(CNSNews.com) - Iran "strongly" condemned the assassination of Pakistan's Benazir Bhutto, but a leading critic of Tehran warned that the regime would likely try to exploit the situation in its troubled, nuclear-armed neighbor.
"Whatever the aim behind this criminal act had been, the Iranian government and nation condemn the attack," Iranian Foreign Minister Manouchehr Mottaki said Thursday evening. "Those who hatched such plots are the common enemies of Pakistan and other states in the region."
Iranian state television quoted foreign ministry spokesman Mohammad Ali Hosseini as urging the Pakistan government to "use all efforts to identify the terrorist group which caused this incident and punish them."

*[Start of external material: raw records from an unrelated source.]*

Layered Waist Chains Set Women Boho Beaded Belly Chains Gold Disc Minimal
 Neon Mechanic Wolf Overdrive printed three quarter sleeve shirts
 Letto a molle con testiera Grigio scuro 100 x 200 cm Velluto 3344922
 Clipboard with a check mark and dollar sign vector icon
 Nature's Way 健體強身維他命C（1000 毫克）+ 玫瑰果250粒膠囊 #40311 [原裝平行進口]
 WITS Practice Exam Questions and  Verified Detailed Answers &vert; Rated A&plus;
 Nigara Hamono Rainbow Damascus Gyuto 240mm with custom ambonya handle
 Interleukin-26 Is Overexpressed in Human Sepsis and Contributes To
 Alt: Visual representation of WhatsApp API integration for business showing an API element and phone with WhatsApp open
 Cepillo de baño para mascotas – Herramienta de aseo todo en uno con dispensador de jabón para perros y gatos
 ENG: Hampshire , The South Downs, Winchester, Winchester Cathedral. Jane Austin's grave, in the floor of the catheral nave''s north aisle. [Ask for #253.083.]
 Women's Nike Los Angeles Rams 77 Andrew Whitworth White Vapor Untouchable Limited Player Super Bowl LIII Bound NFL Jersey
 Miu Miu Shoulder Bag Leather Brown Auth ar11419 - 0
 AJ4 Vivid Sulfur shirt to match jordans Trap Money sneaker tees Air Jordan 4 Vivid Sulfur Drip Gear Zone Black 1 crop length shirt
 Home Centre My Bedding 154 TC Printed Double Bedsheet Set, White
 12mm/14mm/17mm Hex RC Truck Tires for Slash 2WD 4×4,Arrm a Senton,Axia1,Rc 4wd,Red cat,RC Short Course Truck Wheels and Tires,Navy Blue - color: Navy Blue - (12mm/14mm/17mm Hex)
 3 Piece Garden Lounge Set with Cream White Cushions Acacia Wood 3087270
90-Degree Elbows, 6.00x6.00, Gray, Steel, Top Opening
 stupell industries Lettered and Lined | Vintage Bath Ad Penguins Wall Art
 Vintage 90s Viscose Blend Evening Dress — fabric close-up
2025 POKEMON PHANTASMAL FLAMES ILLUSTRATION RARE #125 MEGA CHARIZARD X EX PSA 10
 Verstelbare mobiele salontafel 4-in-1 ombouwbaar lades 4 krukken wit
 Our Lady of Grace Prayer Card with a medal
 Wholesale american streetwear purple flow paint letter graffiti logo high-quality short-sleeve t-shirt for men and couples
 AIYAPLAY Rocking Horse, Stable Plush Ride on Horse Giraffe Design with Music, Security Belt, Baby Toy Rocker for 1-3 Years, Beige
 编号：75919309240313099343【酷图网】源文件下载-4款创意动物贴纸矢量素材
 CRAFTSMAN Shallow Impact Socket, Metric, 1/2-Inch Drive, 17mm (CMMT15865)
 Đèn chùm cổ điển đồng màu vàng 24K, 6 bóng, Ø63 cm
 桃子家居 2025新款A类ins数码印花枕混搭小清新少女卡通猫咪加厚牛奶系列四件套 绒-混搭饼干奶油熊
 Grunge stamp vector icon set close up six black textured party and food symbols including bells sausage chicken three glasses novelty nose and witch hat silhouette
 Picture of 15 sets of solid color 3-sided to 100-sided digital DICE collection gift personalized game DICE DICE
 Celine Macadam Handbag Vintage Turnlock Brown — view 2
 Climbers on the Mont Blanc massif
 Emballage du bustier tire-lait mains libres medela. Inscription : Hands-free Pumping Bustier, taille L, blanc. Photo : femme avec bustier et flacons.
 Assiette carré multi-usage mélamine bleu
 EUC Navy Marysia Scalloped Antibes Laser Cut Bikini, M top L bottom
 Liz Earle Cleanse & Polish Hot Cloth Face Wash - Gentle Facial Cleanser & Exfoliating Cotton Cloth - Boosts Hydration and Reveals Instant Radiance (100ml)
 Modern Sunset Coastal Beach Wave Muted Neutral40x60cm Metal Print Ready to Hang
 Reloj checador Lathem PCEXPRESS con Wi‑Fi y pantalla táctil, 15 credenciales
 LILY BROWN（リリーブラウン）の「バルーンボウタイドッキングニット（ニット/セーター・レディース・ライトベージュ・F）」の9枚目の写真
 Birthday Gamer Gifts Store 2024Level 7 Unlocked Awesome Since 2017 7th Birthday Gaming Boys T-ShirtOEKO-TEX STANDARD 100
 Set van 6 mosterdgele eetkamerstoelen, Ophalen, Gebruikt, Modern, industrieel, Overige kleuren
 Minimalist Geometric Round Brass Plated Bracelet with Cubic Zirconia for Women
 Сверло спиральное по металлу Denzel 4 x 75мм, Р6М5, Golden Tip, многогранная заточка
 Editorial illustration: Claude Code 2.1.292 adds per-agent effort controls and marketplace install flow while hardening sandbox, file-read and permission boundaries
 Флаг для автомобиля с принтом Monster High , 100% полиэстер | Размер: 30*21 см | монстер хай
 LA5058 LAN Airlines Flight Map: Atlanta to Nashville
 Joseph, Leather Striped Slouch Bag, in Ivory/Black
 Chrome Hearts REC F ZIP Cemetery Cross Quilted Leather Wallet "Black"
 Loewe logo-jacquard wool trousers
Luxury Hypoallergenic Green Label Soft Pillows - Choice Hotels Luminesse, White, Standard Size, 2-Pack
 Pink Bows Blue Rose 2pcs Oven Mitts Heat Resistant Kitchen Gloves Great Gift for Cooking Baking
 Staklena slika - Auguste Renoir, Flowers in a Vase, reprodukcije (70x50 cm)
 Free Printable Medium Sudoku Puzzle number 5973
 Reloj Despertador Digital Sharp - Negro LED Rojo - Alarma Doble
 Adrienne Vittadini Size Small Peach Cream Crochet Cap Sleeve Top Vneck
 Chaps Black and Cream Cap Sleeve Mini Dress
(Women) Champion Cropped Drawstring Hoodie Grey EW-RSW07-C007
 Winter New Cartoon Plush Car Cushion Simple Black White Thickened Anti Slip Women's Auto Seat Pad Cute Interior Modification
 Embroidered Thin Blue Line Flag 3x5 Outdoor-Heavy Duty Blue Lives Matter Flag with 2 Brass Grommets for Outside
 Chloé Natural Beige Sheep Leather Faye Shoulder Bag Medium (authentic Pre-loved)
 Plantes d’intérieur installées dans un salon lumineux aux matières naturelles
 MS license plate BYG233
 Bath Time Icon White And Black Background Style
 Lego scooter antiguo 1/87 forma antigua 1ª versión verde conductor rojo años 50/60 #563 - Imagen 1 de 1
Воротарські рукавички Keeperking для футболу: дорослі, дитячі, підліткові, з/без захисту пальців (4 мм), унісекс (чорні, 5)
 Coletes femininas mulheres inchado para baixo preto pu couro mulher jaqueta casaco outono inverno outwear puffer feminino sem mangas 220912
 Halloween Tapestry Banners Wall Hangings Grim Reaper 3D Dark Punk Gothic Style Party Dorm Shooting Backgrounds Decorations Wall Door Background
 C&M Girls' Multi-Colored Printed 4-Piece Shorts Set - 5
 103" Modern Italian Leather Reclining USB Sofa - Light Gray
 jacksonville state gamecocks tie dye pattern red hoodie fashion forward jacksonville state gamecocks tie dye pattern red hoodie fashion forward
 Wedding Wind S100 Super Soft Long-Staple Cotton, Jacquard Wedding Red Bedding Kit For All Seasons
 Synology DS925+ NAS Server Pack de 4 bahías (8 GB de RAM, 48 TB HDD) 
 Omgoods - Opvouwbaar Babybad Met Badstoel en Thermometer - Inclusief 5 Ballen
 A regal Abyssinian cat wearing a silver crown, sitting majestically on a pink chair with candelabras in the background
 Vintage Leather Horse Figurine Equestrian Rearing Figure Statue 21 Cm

A gunman shot and fatally wounded Bhutto in Rawalpindi, near Islamabad, before detonating a bomb that killed at least another 20 people. The former two-term prime minister was campaigning ahead of Jan. 8 parliamentary elections on behalf of her Pakistan People's Party, and was viewed by many as a likely future prime minister under President Pervez Musharraf.
Alireza Jafarzadeh, an exiled Iranian opponent of Tehran and regional expert who in 2002 blew the whistle on his country's covert nuclear program, attributed the assassination to Islamic radicals who "could not tolerate a secular, anti-extremist Muslim woman rising in the political process in Pakistan."
The situation was particularly dangerous for a number of reasons, he said in an interview. Pakistan is nuclear-armed; it has a large population (it is the second-most populous Islamic country, and sixth in world rankings); it is home to a large number of extremists; and it is a neighbor to Iran, "the world capital of global Islamic fundamentalism."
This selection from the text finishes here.